DIRECTIONS FOR THIS TASK » A word-for-word repeat of all the data is the goal.

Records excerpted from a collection
"""
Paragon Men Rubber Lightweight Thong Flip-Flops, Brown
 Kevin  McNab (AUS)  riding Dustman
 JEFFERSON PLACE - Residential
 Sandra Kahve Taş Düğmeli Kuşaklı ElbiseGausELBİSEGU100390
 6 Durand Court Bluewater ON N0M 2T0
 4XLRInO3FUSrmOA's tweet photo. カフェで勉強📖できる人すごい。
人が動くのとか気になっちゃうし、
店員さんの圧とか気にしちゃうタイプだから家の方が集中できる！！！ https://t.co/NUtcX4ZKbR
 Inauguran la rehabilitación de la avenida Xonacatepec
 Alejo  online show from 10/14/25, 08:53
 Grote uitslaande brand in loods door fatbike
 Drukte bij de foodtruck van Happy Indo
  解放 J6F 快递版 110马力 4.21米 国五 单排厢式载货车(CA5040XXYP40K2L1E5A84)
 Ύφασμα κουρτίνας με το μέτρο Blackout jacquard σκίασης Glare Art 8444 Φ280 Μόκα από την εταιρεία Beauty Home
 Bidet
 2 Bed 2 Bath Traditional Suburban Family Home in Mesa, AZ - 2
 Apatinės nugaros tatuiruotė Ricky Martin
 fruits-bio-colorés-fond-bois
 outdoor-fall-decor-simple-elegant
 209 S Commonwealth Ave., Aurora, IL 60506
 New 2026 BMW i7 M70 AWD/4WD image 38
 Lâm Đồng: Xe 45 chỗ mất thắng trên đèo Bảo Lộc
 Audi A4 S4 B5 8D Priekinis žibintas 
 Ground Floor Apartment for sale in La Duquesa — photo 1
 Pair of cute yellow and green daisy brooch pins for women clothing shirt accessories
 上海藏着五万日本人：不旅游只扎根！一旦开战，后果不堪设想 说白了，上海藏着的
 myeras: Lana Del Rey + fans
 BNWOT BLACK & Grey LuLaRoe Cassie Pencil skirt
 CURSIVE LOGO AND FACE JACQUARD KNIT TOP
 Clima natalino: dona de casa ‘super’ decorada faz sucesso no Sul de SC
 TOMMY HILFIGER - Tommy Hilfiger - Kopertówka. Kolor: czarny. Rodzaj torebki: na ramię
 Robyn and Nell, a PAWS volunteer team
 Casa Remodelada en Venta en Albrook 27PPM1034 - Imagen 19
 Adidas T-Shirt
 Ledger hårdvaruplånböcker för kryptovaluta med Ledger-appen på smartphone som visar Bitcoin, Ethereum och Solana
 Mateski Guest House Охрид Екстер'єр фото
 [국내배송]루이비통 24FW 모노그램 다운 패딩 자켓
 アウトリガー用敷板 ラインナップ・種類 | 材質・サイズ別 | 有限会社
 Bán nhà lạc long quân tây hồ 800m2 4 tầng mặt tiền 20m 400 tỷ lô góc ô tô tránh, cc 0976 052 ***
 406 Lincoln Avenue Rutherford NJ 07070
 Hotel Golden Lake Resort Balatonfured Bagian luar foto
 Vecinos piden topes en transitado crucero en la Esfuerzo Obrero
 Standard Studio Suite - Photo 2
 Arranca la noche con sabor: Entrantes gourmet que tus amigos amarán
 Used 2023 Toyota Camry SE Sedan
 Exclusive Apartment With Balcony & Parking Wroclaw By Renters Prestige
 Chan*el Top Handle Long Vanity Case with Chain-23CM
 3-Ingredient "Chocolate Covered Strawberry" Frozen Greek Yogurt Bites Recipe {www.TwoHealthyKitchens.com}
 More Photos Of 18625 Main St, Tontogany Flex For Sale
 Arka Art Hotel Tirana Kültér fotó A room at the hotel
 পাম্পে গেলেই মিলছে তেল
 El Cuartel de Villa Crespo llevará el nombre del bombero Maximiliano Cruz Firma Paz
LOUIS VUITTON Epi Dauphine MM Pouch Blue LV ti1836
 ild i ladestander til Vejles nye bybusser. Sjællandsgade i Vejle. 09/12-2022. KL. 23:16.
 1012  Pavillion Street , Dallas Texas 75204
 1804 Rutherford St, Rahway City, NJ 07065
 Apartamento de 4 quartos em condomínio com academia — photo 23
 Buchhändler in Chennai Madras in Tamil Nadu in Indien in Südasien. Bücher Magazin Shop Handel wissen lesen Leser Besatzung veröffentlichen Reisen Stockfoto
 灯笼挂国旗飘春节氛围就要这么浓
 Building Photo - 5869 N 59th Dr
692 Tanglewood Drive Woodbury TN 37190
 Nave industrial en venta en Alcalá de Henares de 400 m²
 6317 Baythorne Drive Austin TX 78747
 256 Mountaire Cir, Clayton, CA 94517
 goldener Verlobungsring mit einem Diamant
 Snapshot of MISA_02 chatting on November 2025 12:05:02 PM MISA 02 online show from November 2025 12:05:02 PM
"""
ANSWER BOX »
Paragon Men Rubber Lightweight Thong Flip-Flops, Brown
 Kevin  McNab (AUS)  riding Dustman
 JEFFERSON PLACE - Residential
 Sandra Kahve Taş Düğmeli Kuşaklı ElbiseGausELBİSEGU100390
 6 Durand Court Bluewater ON N0M 2T0
 4XLRInO3FUSrmOA's tweet photo. カフェで勉強📖できる人すごい。
人が動くのとか気になっちゃうし、
店員さんの圧とか気にしちゃうタイプだから家の方が集中できる！！！ https://t.co/NUtcX4ZKbR
 Inauguran la rehabilitación de la avenida Xonacatepec
 Alejo  online show from 10/14/25, 08:53
 Grote uitslaande brand in loods door fatbike
 Drukte bij de foodtruck van Happy Indo
  解放 J6F 快递版 110马力 4.21米 国五 单排厢式载货车(CA5040XXYP40K2L1E5A84)
 Ύφασμα κουρτίνας με το μέτρο Blackout jacquard σκίασης Glare Art 8444 Φ280 Μόκα από την εταιρεία Beauty Home
 Bidet
 2 Bed 2 Bath Traditional Suburban Family Home in Mesa, AZ - 2
 Apatinės nugaros tatuiruotė Ricky Martin
 fruits-bio-colorés-fond-bois
 outdoor-fall-decor-simple-elegant
 209 S Commonwealth Ave., Aurora, IL 60506
 New 2026 BMW i7 M70 AWD/4WD image 38
 Lâm Đồng: Xe 45 chỗ mất thắng trên đèo Bảo Lộc
 Audi A4 S4 B5 8D Priekinis žibintas 
 Ground Floor Apartment for sale in La Duquesa — photo 1
 Pair of cute yellow and green daisy brooch pins for women clothing shirt accessories
 上海藏着五万日本人：不旅游只扎根！一旦开战，后果不堪设想 说白了，上海藏着的
 myeras: Lana Del Rey + fans
 BNWOT BLACK & Grey LuLaRoe Cassie Pencil skirt
 CURSIVE LOGO AND FACE JACQUARD KNIT TOP
 Clima natalino: dona de casa ‘super’ decorada faz sucesso no Sul de SC
 TOMMY HILFIGER - Tommy Hilfiger - Kopertówka. Kolor: czarny. Rodzaj torebki: na ramię
 Robyn and Nell, a PAWS volunteer team
 Casa Remodelada en Venta en Albrook 27PPM1034 - Imagen 19
 Adidas T-Shirt
 Ledger hårdvaruplånböcker för kryptovaluta med Ledger-appen på smartphone som visar Bitcoin, Ethereum och Solana
 Mateski Guest House Охрид Екстер'єр фото
 [국내배송]루이비통 24FW 모노그램 다운 패딩 자켓
 アウトリガー用敷板 ラインナップ・種類 | 材質・サイズ別 | 有限会社
 Bán nhà lạc long quân tây hồ 800m2 4 tầng mặt tiền 20m 400 tỷ lô góc ô tô tránh, cc 0976 052 ***
 406 Lincoln Avenue Rutherford NJ 07070
 Hotel Golden Lake Resort Balatonfured Bagian luar foto
 Vecinos piden topes en transitado crucero en la Esfuerzo Obrero
 Standard Studio Suite - Photo 2
 Arranca la noche con sabor: Entrantes gourmet que tus amigos amarán
 Used 2023 Toyota Camry SE Sedan
 Exclusive Apartment With Balcony & Parking Wroclaw By Renters Prestige
 Chan*el Top Handle Long Vanity Case with Chain-23CM
 3-Ingredient "Chocolate Covered Strawberry" Frozen Greek Yogurt Bites Recipe {www.TwoHealthyKitchens.com}
 More Photos Of 18625 Main St, Tontogany Flex For Sale
 Arka Art Hotel Tirana Kültér fotó A room at the hotel
 পাম্পে গেলেই মিলছে তেল
 El Cuartel de Villa Crespo llevará el nombre del bombero Maximiliano Cruz Firma Paz
LOUIS VUITTON Epi Dauphine MM Pouch Blue LV ti1836
 ild i ladestander til Vejles nye bybusser. Sjællandsgade i Vejle. 09/12-2022. KL. 23:16.
 1012  Pavillion Street , Dallas Texas 75204
 1804 Rutherford St, Rahway City, NJ 07065
 Apartamento de 4 quartos em condomínio com academia — photo 23
 Buchhändler in Chennai Madras in Tamil Nadu in Indien in Südasien. Bücher Magazin Shop Handel wissen lesen Leser Besatzung veröffentlichen Reisen Stockfoto
 灯笼挂国旗飘春节氛围就要这么浓
 Building Photo - 5869 N 59th Dr
692 Tanglewood Drive Woodbury TN 37190
 Nave industrial en venta en Alcalá de Henares de 400 m²
 6317 Baythorne Drive Austin TX 78747
 256 Mountaire Cir, Clayton, CA 94517
 goldener Verlobungsring mit einem Diamant
 Snapshot of MISA_02 chatting on November 2025 12:05:02 PM MISA 02 online show from November 2025 12:05:02 PM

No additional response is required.